REQUIRED WORK: Only one stretch of lines is wanted: the line with "Magnetic LED Capital" through the final line of the material. Restate it word for word, minus pictures.

[GIVEN DATA Boundary: Start]

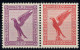 ** 1930, Flugpost Zusammendruck (Mi.W22) - Andere & Zonder Classificatie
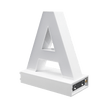 Magnetic LED Capital Letter, (A), Letter lights, Light Letter Box, Light Up Letters, 3D, H3.7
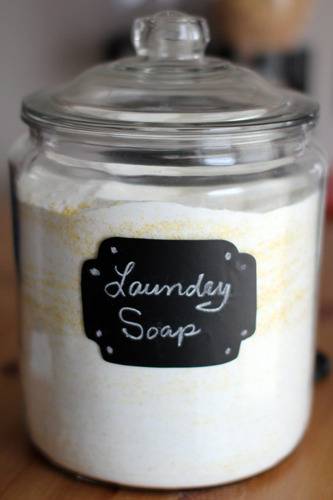 laundry soap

[GIVEN DATA Boundary: End]

WRITTEN ANSWER:
 Magnetic LED Capital Letter, (A), Letter lights, Light Letter Box, Light Up Letters, 3D, H3.7
 laundry soap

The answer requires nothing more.